Isaac Newton was born according to the Julian calendar (in use in England at the time) on Christmas Day, 25 December 1642 (NS 4 January 1643[1]) "an hour or two after midnight", at Woolsthorpe Manor in Woolsthorpe-by-Colsterworth, a hamlet in the county of Lincolnshire. His father, also named Isaac Newton, had died three months before. Born prematurely, he was a small child; his mother Hannah Ayscough reportedly said that he could have fit inside a quart mug.[8] When Newton was three, his mother remarried and went to live with her new husband, the Reverend Barnabas Smith, leaving her son in the care of his maternal grandmother, Margery Ayscough. The young Isaac disliked his stepfather and maintained some enmity towards his mother for marrying him, as revealed by this entry in a list of sins committed up to the age of 19: "Threatening my father and mother Smith to burn them and the house over them." Newton's mother had three children from her second marriage.
Newton in a 1702 portrait by Godfrey Kneller
Isaac Newton (Bolton, Sarah K. Famous Men of Science. NY: Thomas Y. Crowell & Co., 1889)

From the age of about twelve until he was seventeen, Newton was educated at The King's School, Grantham which taught Latin and Greek and probably a significant foundation of mathematics. He was removed from school, and by October 1659, he was to be found at Woolsthorpe-by-Colsterworth, where his mother, widowed for a second time, attempted to make a farmer of him. Newton hated farming. Henry Stokes, master at the King's School, persuaded his mother to send him back to school so that he might complete his education. Motivated partly by a desire for revenge against a schoolyard bully, he became the top-ranked student,distinguishing himself mainly by building sundials and models of windmills.

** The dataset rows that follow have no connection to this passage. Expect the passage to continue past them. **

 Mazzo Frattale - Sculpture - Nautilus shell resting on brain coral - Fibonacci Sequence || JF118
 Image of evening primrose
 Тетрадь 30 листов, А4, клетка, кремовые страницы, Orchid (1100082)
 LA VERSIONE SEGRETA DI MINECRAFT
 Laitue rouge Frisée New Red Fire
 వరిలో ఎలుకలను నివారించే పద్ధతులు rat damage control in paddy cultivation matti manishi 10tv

In June 1661, he was admitted to Trinity College, Cambridge, on the recommendation of his uncle Rev William Ayscough who had studied there. He started as a subsizar—paying his way by performing valet's duties—until he was awarded a scholarship in 1664, which guaranteed him four more years until he would get his M.A. At that time, the college's teachings were based on those of Aristotle, whom Newton supplemented with modern philosophers such as Descartes, and astronomers such as Galileo and Thomas Street, through whom he learned of Kepler's work. He set down in his notebook a series of 'Quaestiones' about mechanical philosophy as he found it. In 1665, he discovered the generalised binomial theorem and began to develop a mathematical theory that later became calculus. Soon after Newton had obtained his B.A. degree in August 1665, the university temporarily closed as a precaution against the Great Plague. Although he had been undistinguished as a Cambridge student, Newton's private studies at his home in Woolsthorpe over the subsequent two years saw the development of his theories on calculus, optics, and the law of gravitation.

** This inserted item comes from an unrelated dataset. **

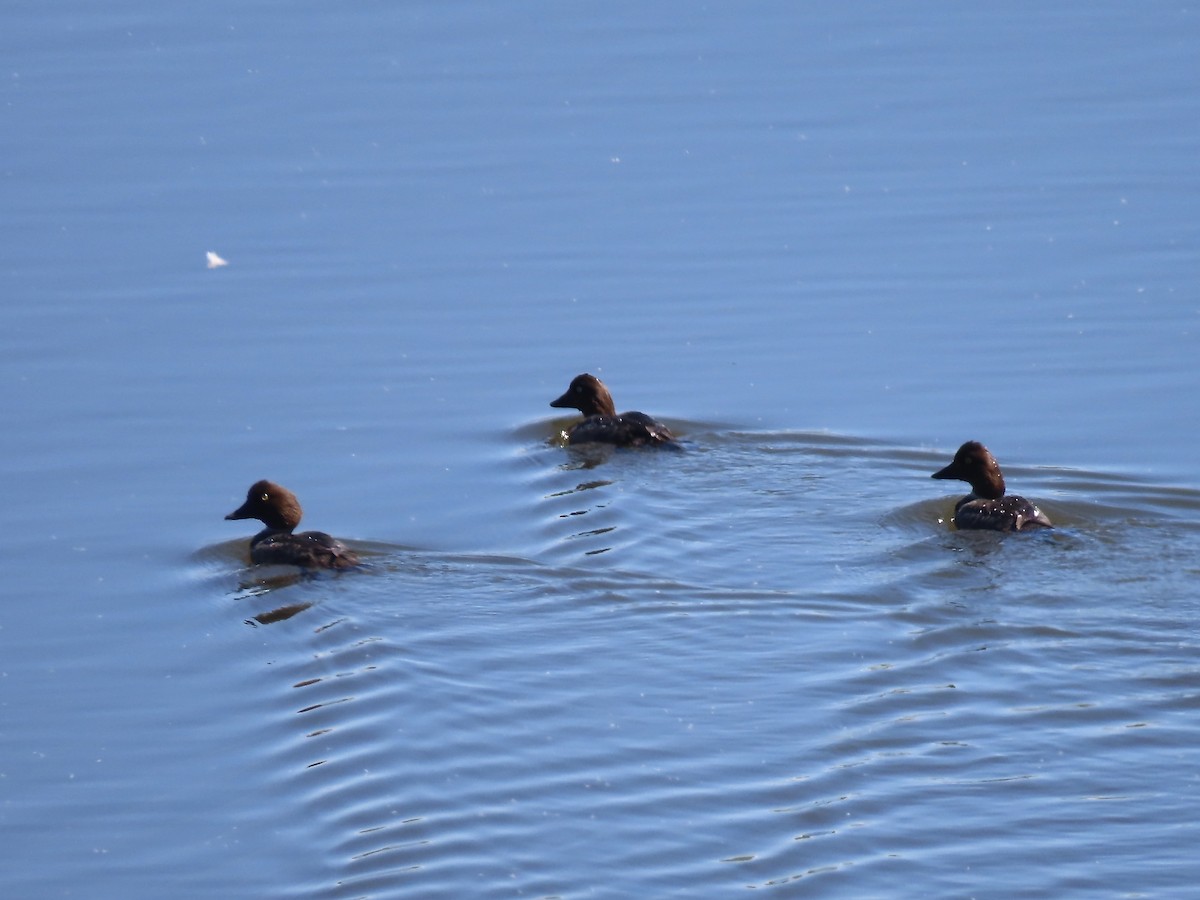 Common Goldeneye - ML620154931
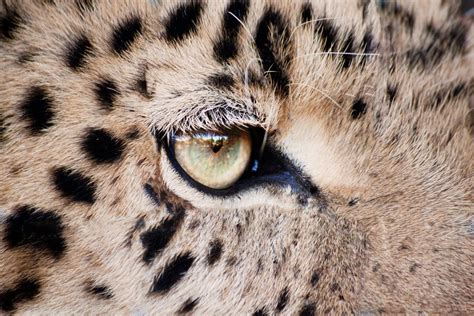 Eye of the Tiger Free Photo Download | FreeImages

In April 1667, he returned to Cambridge and in October was elected as a fellow of Trinity. Fellows were required to become ordained priests, although this was not enforced in the restoration years and an assertion of conformity to the Church of England was sufficient. However, by 1675 the issue could not be avoided and by then his unconventional views stood in the way. Nevertheless, Newton managed to avoid it by means of a special permission from Charles II.

His studies had impressed the Lucasian professor, Isaac Barrow, who was more anxious to develop his own religious and administrative potential (he became master of Trinity two years later), and in 1669, Newton succeeded him, only one year after he received his M.A. He was elected a Fellow of the Royal Society (FRS) in 1672.
Middle years
Mathematics

Newton's work has been said "to distinctly advance every branch of mathematics then studied".[21] His work on the subject usually referred to as fluxions or calculus, seen in a manuscript of October 1666, is now published among Newton's mathematical papers. The author of the manuscript De analysi per aequationes numero terminorum infinitas, sent by Isaac Barrow to John Collins in June 1669, was identified by Barrow in a letter sent to Collins in August of that year as:

    Mr Newton, a fellow of our College, and very young ... but of an extraordinary genius and proficiency in these things.

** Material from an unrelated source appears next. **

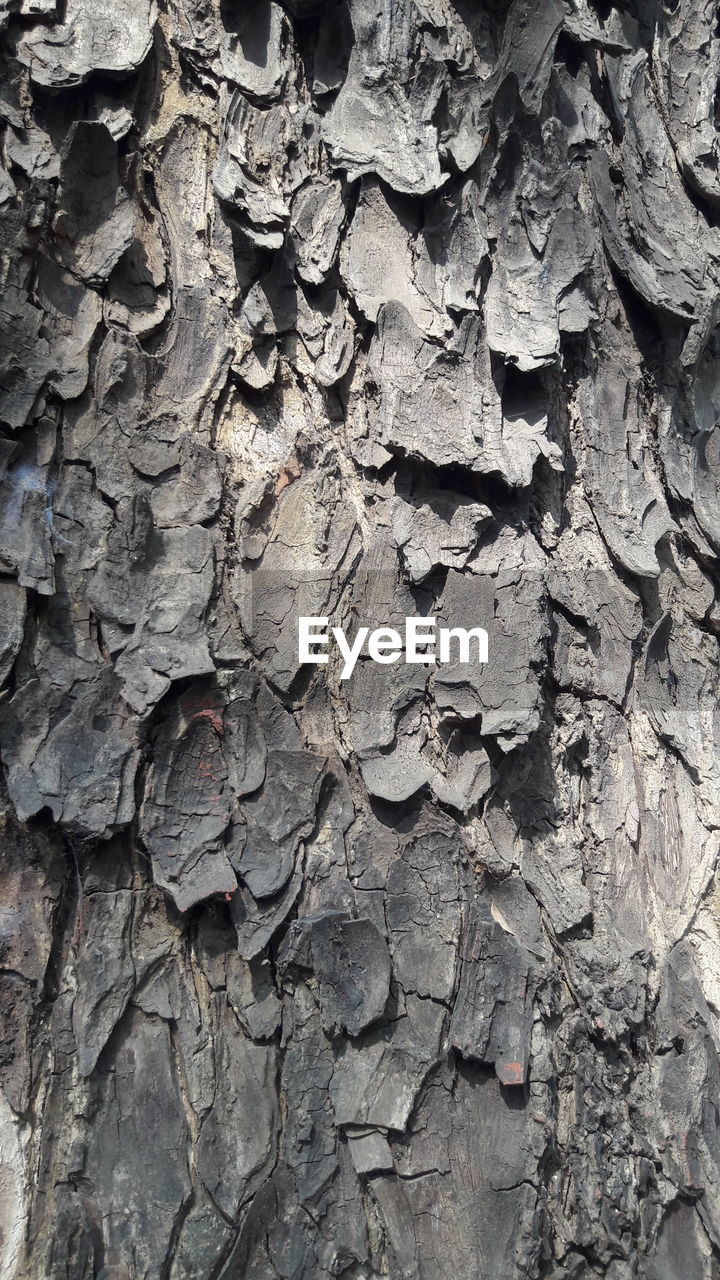 CLOSE-UP OF WEATHERED TREE TRUNK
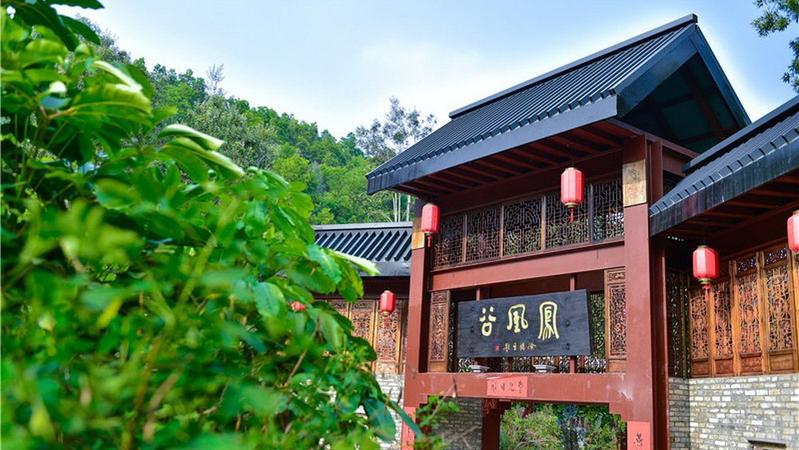 【岭南记忆】探访藏于深圳甘坑客家小镇里的凤凰谷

Newton later became involved in a dispute with Leibniz over priority in the development of calculus (the Leibniz–Newton calculus controversy). Most modern historians believe that Newton and Leibniz developed calculus independently, although with very different notations. Occasionally it has been suggested that Newton published almost nothing about it until 1693, and did not give a full account until 1704, while Leibniz began publishing a full account of his methods in 1684. (Leibniz's notation and "differential Method", nowadays recognised as much more convenient notations, were adopted by continental European mathematicians, and after 1820 or so, also by British mathematicians.) Such a suggestion, however, fails to notice the content of calculus which critics of Newton's time and modern times have pointed out in Book 1 of Newton's Principia itself (published 1687) and in its forerunner manuscripts, such as De motu corporum in gyrum ("On the motion of bodies in orbit"), of 1684. The Principia is not written in the language of calculus either as we know it or as Newton's (later) 'dot' notation would write it. His work extensively uses calculus in geometric form based on limiting values of the ratios of vanishing small quantities: in the Principia itself, Newton gave demonstration of this under the name of 'the method of first and last ratios' and explained why he put his expositions in this form, remarking also that 'hereby the same thing is performed as by the method of indivisibles'.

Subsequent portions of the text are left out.